Reaching the crew of the downed ship, each member of the team enfolded their counterpart in a hug, which was immediately returned. It was almost like dancing, crossed with playful wrestling; they swayed back and forth, side to side, sometimes shuffling their feet to maintain balance, and all the time hands wandered, stroking and patting. Eventually, after about five minutes of continuous hugging, they all separated, although they remained alongside their new friends. And it did feel like they were friends now.
Jack was led over to the chief, a stocky, greying, brown-patched Antobrun, and they discussed the damage to the ship while the rest of the team and the other crewmembers clustered together, exchanging names and asking questions. Ianto did a lot of translating and started to teach their new friends some basic words and phrases in English
Before they knew it, Ianto, Tosh, Owen, and Gwen, along with their friends Kelish, Lillan, Bettu, and Renn, were heading back to the SUV for tools and equipment so that Jack and Tosh could help chief engineer Murrum repair the guidance systems, which had shorted out when the ship was dragged out of normal space by the Rift and pitched out again above earth.
The afternoon sped past in a bustle of repair work and conversations. Tosh and Lillan worked alongside Jack and his new friend Rumyko, helping Murrum and the chief, Tarlo. With so many hands, the repairs were completed in less than three hours. Torchwood and the Antobruns spent the rest of the day learning each other’s customs and, in some cases, language, although the growls and rumbles that were a part of Antobrun speech were difficult for humans to replicate, leading to a great deal of shared laughter.
It was with mixed feelings that Ianto and the rest of the team vigorously hugged their new friends goodbye, a ritual that took easily twice as long as the greeting ceremony, and watched them board their ship. On the one hand, it was good that their ship was repaired and they could head back towards their own familiar region of space, but everyone was going to miss the lively, genial company of the Antobruns. Ianto especially regretted that he wouldn’t have a chance to learn even more about these fascinating people and their society. He could have happily talked with them for days.
The ramp withdrew, the hatch closed, and the team moved off to watch from the ridge as the ship’s engines fired and it soared up into the midnight sky, receding so quickly that within a couple of minutes, they could barely make it out, just one more pinprick of light among the stars.
Jack’s voice broke the silence. “Well done, everybody. As first contacts go, I’d say that was a success. You all did very well.”
“It was fun.” Tosh smiled. “I’m going to miss Lillan though. He was lovely.”
“I think Bettu fancied me,” Owen grinned. “She hardly took her eyes off me.”
“She was fascinated by your wide mouth,” Ianto explained. “Antobrun mouths are quite a bit smaller.”
Owen shrugged. “Whatever.”
“Come on,” Jack interrupted. “We’ve still got a long drive back to Cardiff.

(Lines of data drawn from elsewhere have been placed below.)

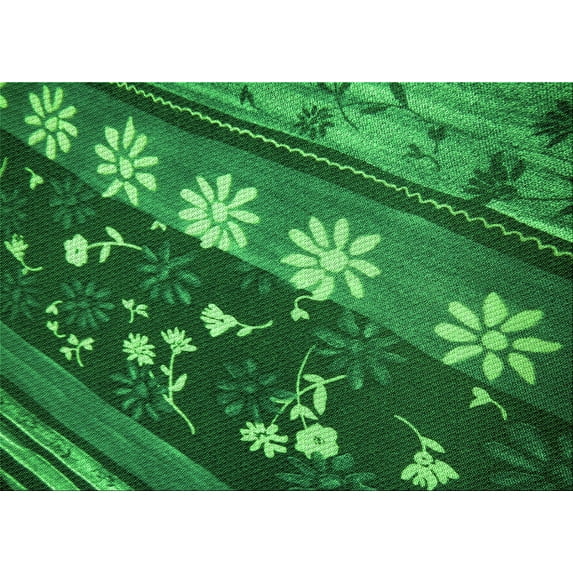 Ahgly Company Machine Washable Indoor Rectangle Transitional Deep Emerald Green Area Rugs, 3' x 5'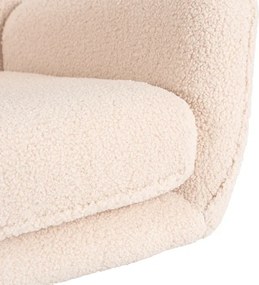 Fotel Bujany Uszak JACKSON Beżowy Boucle/Dąb Nowoczesny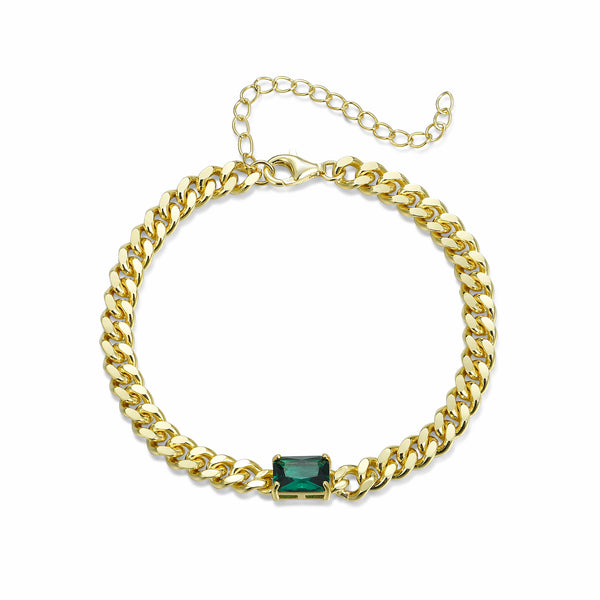 GOLD CUBAN EMERALD BRACELET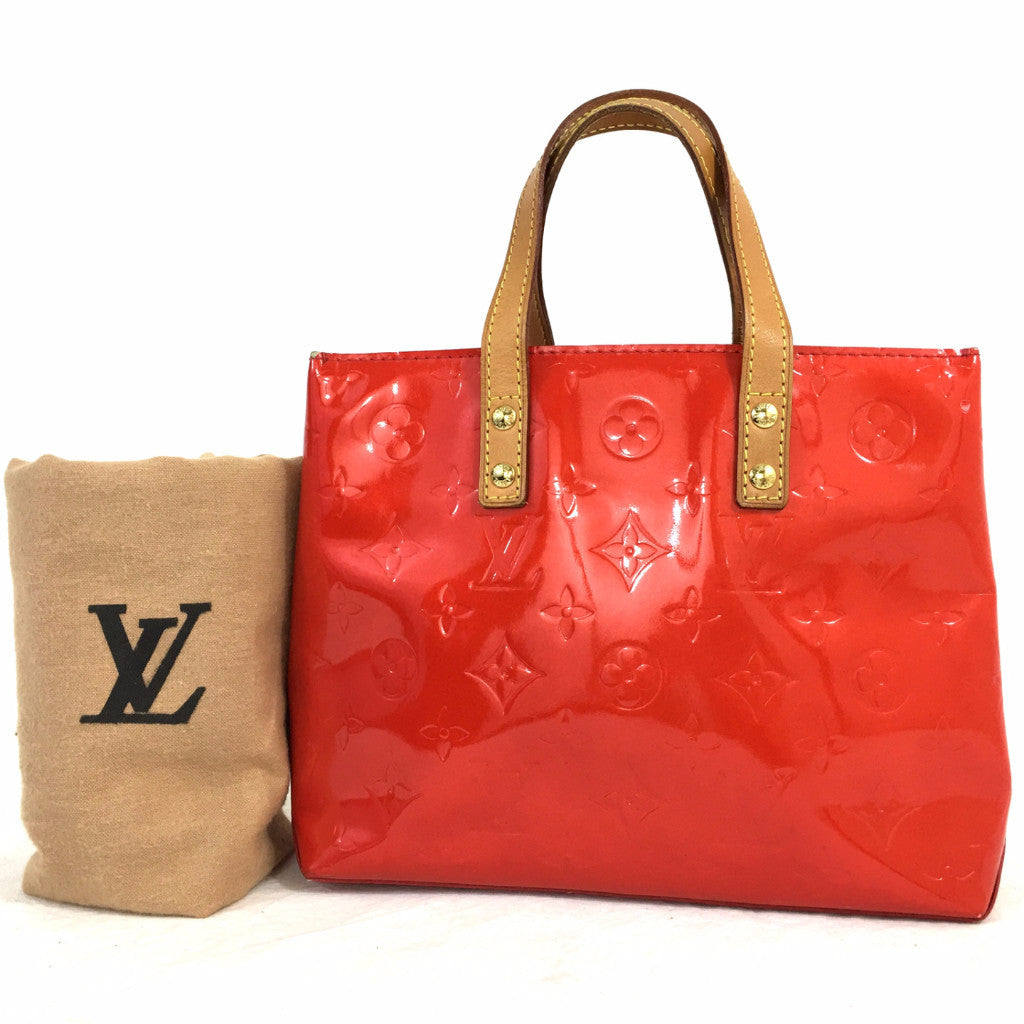 Louis Vuitton Red Monogram Vernis Reade MM Tote Bag 4LV106 at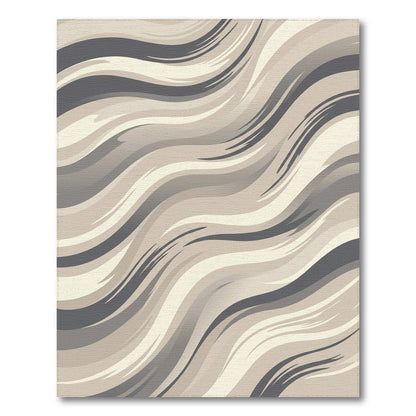 Beige Wavy Abstract Area Rug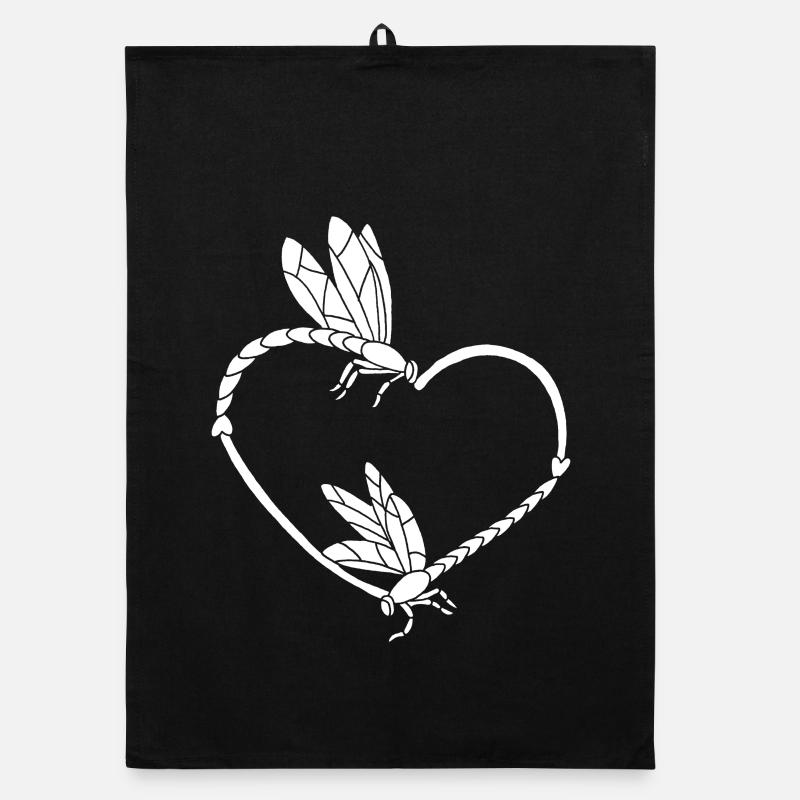 insectes amoureux (blanc) Torchon bio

Don’t know about the rest of you, but I’d like to get there before dawn.”
Ianto nodded agreement. “I’m about ready for my bed.” Turning on his torch, he began to pick his way down the far side of the ridge. It had been a long and interesting day, and he had a lot to think about on the drive home.
Maybe just this once he’d let Jack drive, as long as he promised not to try for the land speed record.